<<<<

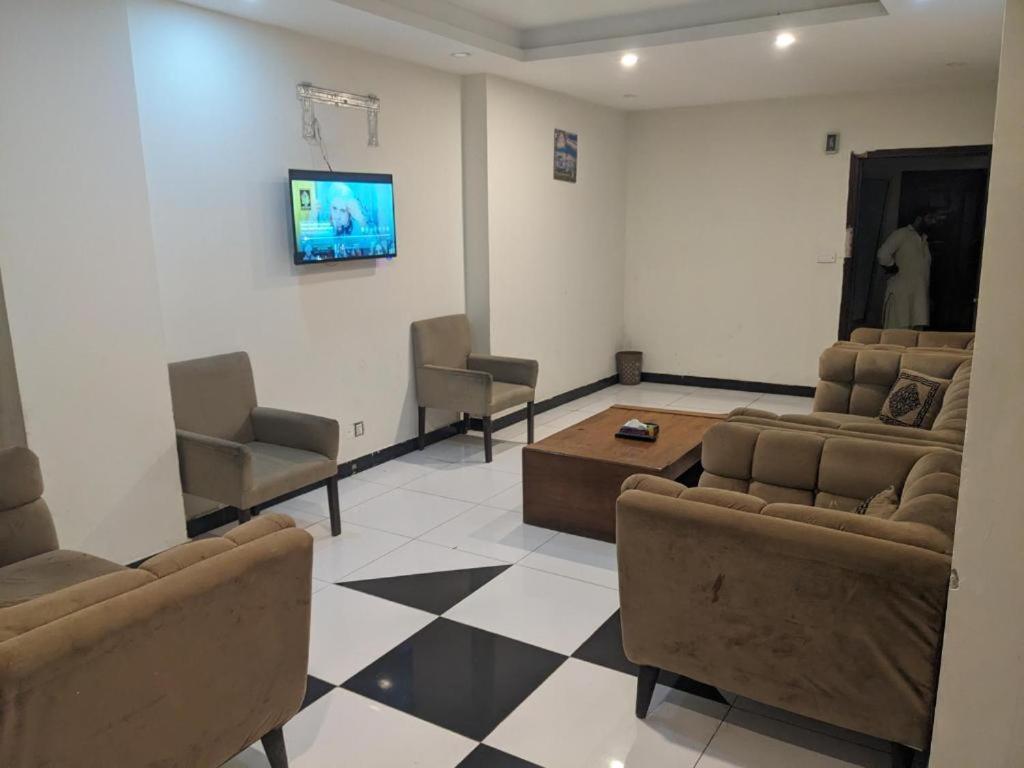 Lavish Hotel Rawalpindi Ngoại thất bức ảnh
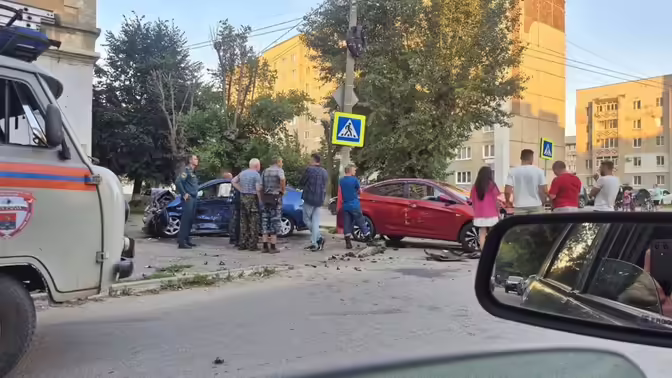 В Муроме Toyota протаранила Hyundai и здание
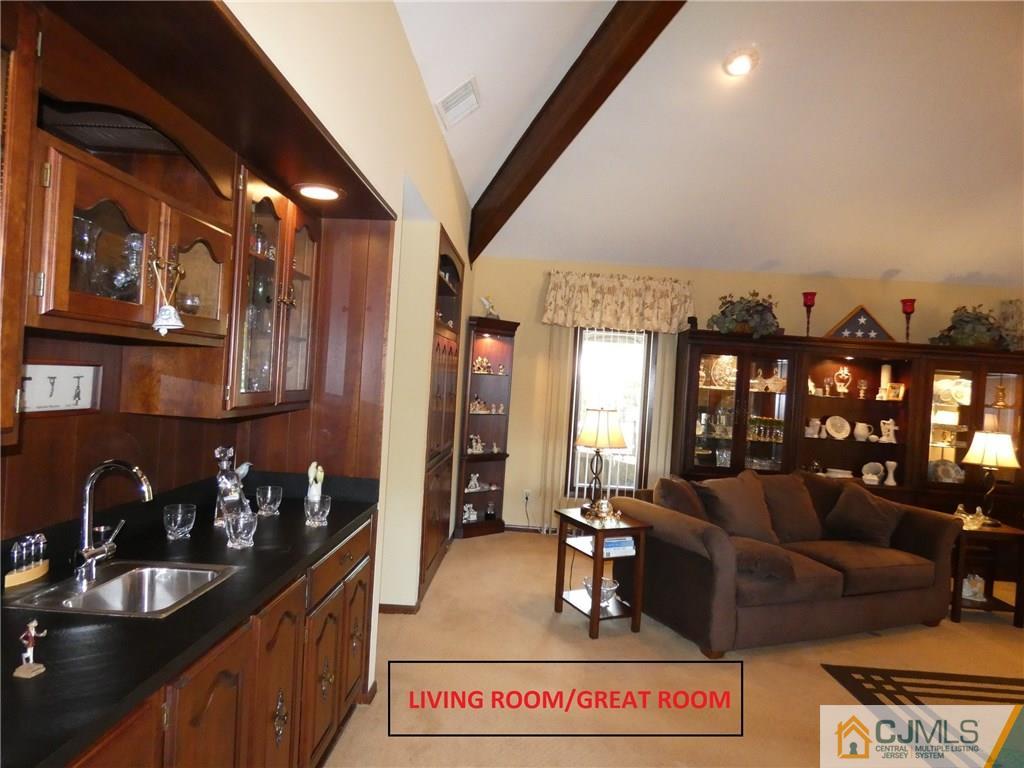 25 Runnymede Road Colonia, NJ 07067 - Photo 5 of 26 a living room with furniture and a potted plant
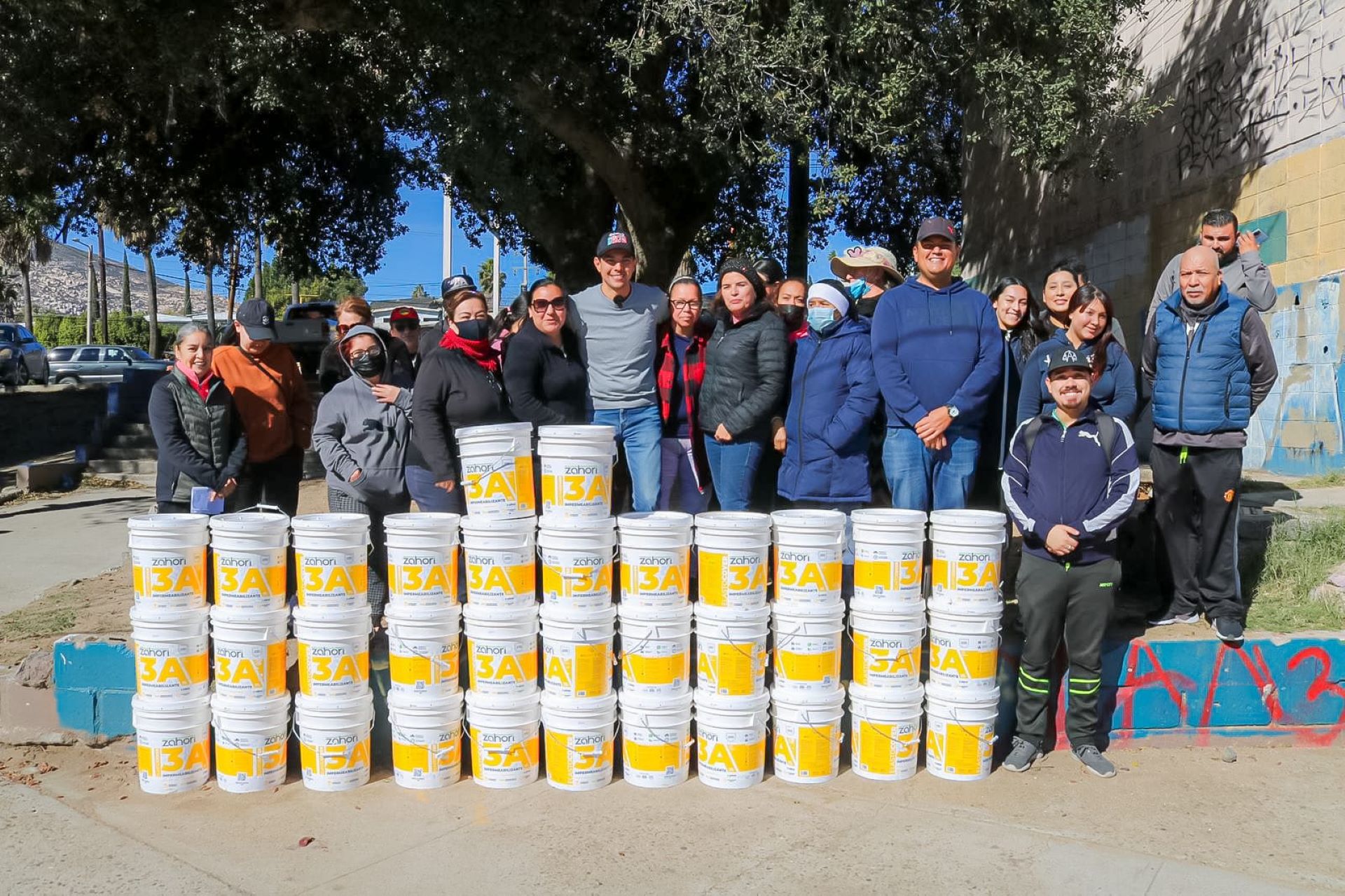 Entrega Román Cota apoyos para proteger viviendas ante lluvias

>>>>

Task details: Text only, please: give the listing again word for word with no images.

Response to this task:
 Lavish Hotel Rawalpindi Ngoại thất bức ảnh
 В Муроме Toyota протаранила Hyundai и здание
 25 Runnymede Road Colonia, NJ 07067 - Photo 5 of 26 a living room with furniture and a potted plant
 Entrega Román Cota apoyos para proteger viviendas ante lluvias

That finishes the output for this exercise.